Today’s topic is on negating activations. This simple phenomenon has some surprisingly complex effects on a duel. But before I get into any of that, perhaps we should define what “negate” actually means in Yu-Gi-Oh!
To “negate” something essentially means to cancel it out, to make it like it isn’t there. It’s as simple as that, really. If you negate an effect, you’ve canceled it out. If you negate an activation, it’s like it never happened.
There’s a huge difference between negating an activation and simply negating an effect. To negate the activation of a card or effect means that you have canceled that activation entirely. There’s really no analogy I can give that would perfectly illustrate this, but here’s the best I can do. The best example might be to say that it’s like erasing something from a record of events. Like saying something exceptionally offensive in court and the judge orders it stricken from the record (with the exception of “Thank you”).
Negating an effect is very different. Here’s an example that should illustrate it perfectly: You move to turn on a lamp, but someone else gets their first. This other person unscrews the light bulb. They don’t stop you from turning the switch on, but nothing will happen when you do. That is what negating an effect is. An in-game example would be activating a Trap Card while Royal Decree is face-up. You can still activate the Trap Card, but it’ll do about as much good as flipping a light switch with the bulb unscrewed.
Negating an activation is a bit more complex than that. As far as I know, there are no Continuous Effects that negate activations (Great Dezard is up for debate), so that makes things a bit easier. However, it’s still tough to explain and understand. We’ll look at an example to figure it out.
Rick activates Pot of Duality from his hand. His opponent, Seth, Chains to it with Dark Bribe. Neither player wishes to respond to that, so the Chain begins resolving.
Dark Bribe negates the activation of Pot of Duality and destroys it, while also letting Rick draw one card. After all of that’s done, it comes time for Duality to resolve. But since its activation was negated, nothing happens. The gamestate has completely forgotten that Duality was activated at all.

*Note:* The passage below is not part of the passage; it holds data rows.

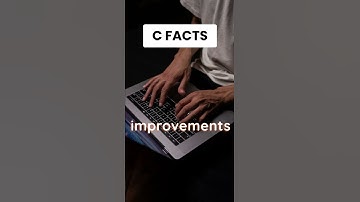 C Facts #shorts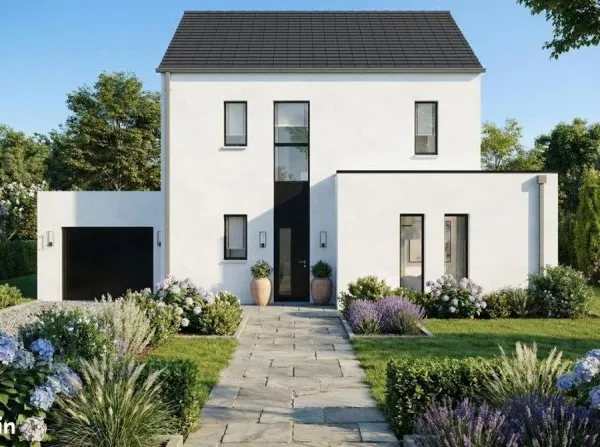 Maison 4 pièces 96 m²
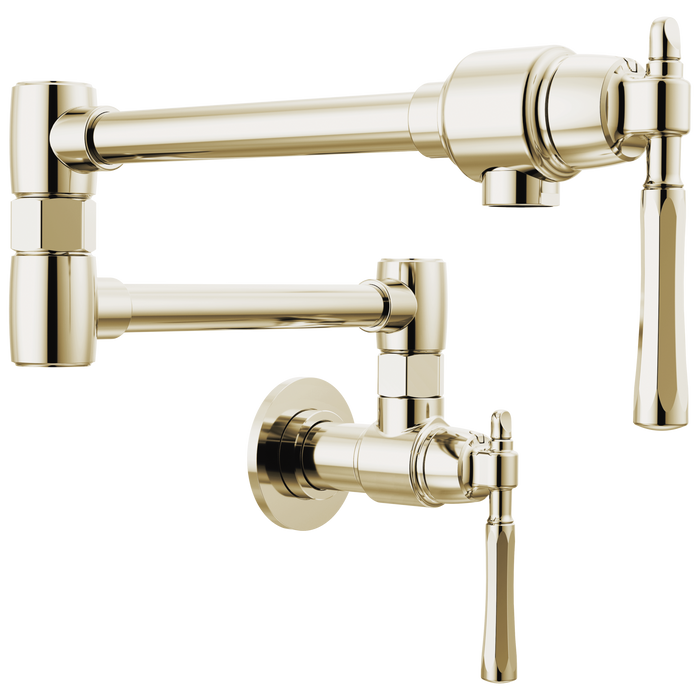 Wall Mount Pot Filler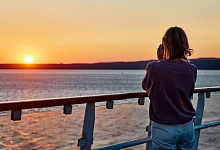 Kreuzfahrt auf dem Schwarzen Meer. MS «Astoria Grande» 4*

Here’s what I mean when I say the gamestate has “forgotten” that Pot of Duality was activated. Pot of Duality has two conditions on it: The first is that you cannot Special Summon in the same turn that you activate it; and the second is that you can only activate one copy of Pot of Duality per turn. By negating the activation of Duality, Seth has made the gamestate “believe” that it never happened. As far as the duel itself is concerned, Duality was never played. This means that Rick can either Special Summon or activate another copy of Pot of Duality this turn.
I should probably note here that negating a Special Summon directly (i.e. negating a Synchro Summon with Solemn Warning) will NOT create the same situation. An attempt at Special Summoning was still noted, so Duality could not be played that turn. The same thing holds true if an effect that Special Summons is activated, but that effect- and NOT its activation- is negated, i.e. Effect Veiler is chained to the effect of Tin Goldfish.

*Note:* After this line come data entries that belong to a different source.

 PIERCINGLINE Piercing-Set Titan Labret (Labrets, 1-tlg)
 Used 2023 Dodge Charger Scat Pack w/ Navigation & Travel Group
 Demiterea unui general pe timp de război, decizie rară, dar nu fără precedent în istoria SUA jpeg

However, if Monster Reborn is activated and the activation is negated (such as by Warning or Bribe), then no Special Summon was attempted- resolution of the card never happened, so you never got to try to Special Summon- and so Duality CAN be played this turn.
That should just about cover it. Remember, feel free to ask any questions if you have ’em. The next article will be discussing a tournament policy issue that I encountered while judging my first Regional Qualifier: Card sleeves and the Extra Deck.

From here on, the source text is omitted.